9 Dec 2025

9.12.2025 You couldn't make it up!

 ~o~

  Tuesday 9th 47F/8.3C [8.45] Another dark, grey, misty day. With rain after lunch. Modestly windy from the SW going southerly mid morning.

 Up at 7am after a fairly quiet night. 

 I am still baffled by the huge bang outside last night. Just before 10pm. It was pitch black at the time of course. I walked around the house with a torch but could see nothing.

 It is still struggling to get light now at 8.50. I am waiting to go for my walk. My main concern is always the commuter traffic. Many drivers don't alter their course to avoid me until the very last moment. They are obviously not concentrating on the road ahead. Often they are driving insanely close to the car in front. Despite 5km of solid, double white lines. Which they must surely know about if they make the journey more than once. 

 So overtaking other vehicles is illegal. This rule does not apply to pedestrians, cyclists or slow moving vehicles. Though crossing the double white lines on every single corner is considered the done thing. The double white lines on bends literally wear out long before those on the straights. Are drivers simply too lazy to drive all the way around a corner? Why do they cut blind corners where many drivers overshoot the double white lines?

 Meanwhile I am always walking as close to the verge as possible. Often taking to the grass, or usually the weeds, to avoid literally being run down. I have no alternative but to walk along the side of the road for several hundred meters. Before I can escape to the quieter lanes or the single farm track to the woods.  

 Every few meters there are branches, brambles or wild roses arcing out of the roadside hedges. So escaping to the verges is not always easy. I am constantly monitoring for traffic from the rear. Because some drivers are afraid to pass me against oncoming traffic. While many drivers have never heard of the 1.5m rule anyway. Or are too sociopathic/drugged senile or drunk to care about taking a life?

 9.15. Almost light enough for my walk. Wish me luck.

 9.50 Back again. Traffic light. Slightly cold on my hands. No near misses today. The two, large brown birds of prey were back on the fields but left on my arrival. No sign of a possible cause for the loud bang.

 11.45 I have been looking at the TV problem again. The correct height, to match seated eye height, looks much too half mast.  When the TV was sitting on the small chest of drawers it was the same height. It looked fine. Now the lack of visual support, from below, makes it look distinctly undernourished. Like droopy, half mast trousers nailed to the wall. It needs to be at least 6"/15cm higher. For the TV to look as if some thought had gone into its installation. 

 I have temporarily moved the chest of drawers to the other end of the room. With an aspidistra on top to help it to look semi-domesticated. I really don't like it there. It is too deep. My wife kept a chest of drawers there for years. I shall have to look for more suitable furniture in the charity shops. 

 Ideally I need a low, shallow shelving unit with a backboard. To go under the TV. A few ornaments will make it look as if it was meant to be there. I may be able to use the large chest of drawers. To absorb the contents of the small chest. The drawers in the larger one are truly vast. Some plastic tubs or trays will help to tame it all. I already spend hours sorting through the clothing in there. So it is always a complete jumble.

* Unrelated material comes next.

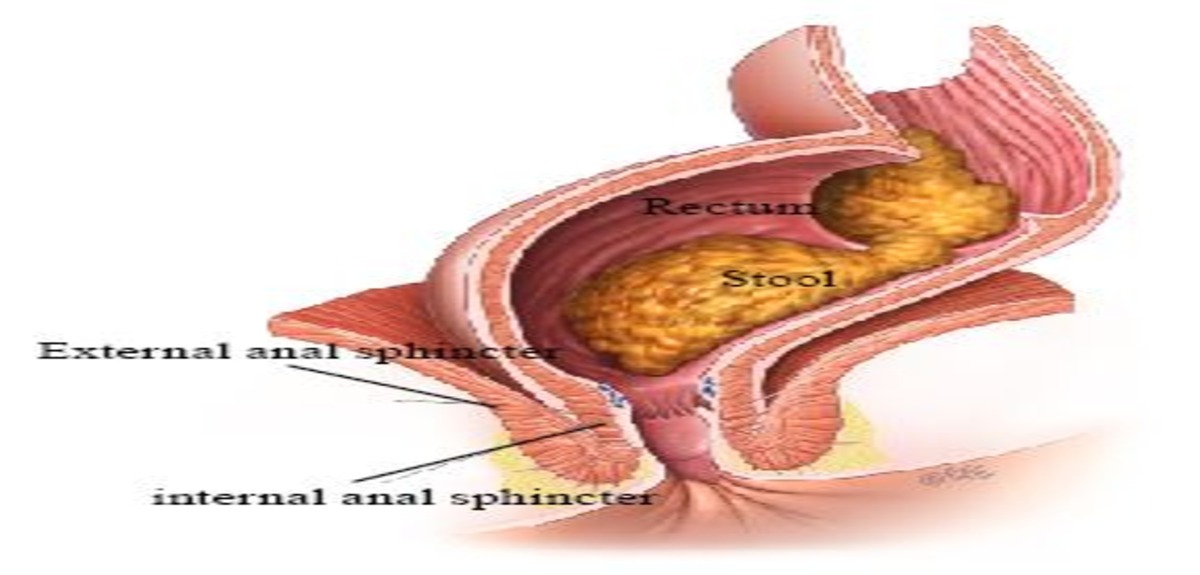 009 Figure1 1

 Back in the kitchen I am thinking of rotating the washing machine by 90º. To stand against the far wall. The plumbing will still reach. Nope. The door opened the wrong way. I settled on a more forward position. To bring it flush with the oven and its cupboard. It better looks the part now. Washing machines are heavy! The image at the top of the page nicely confirms hovel status. Daylight is actually kinder. 

 16.15 Back again from a tour of all six charity shops within about 35km radius from home. None of them had what I was looking for. Until the very last. Only about 7 miles away. Absolute perfection for £5 equivalent in ye olde monie. It even went in the back seat of the car. Though it was a hell of a struggle. Because cars had parked closely on either side while I was paying for my find.

 I'll have to find some ornaments. To make it look lived in. The new [recycled] shelving unit even makes the TV look the right height again. 

 Those of you who see this search and eventual purchase as small beer should consider the odds. Of finding exactly what I needed in such a small sample of charity shops within two hours. Yes, I could have gone to IKEA and spent a couple of hundred pounds equivalent. Or any other furniture retail store. 

 The same held true with the display cabinets. They were suddenly coming out of the woodwork. So to speak. Precisely when I felt I needed them. I saved in excess of a thousand pounds equivalent. Had I succumbed to retail purchasing of so many. 

 The period character of the cabinets added a certain mystique to their contents. They became museum like displays of my wife's, precious glass collection.  Safely and inexpensively protecting them from dust and trivial accidents. Without looking cheap and nasty. 

 Dinner was organic sausage, an organic egg and chips. I washed up while it cooked. Which explains why the sausage is slightly overdone.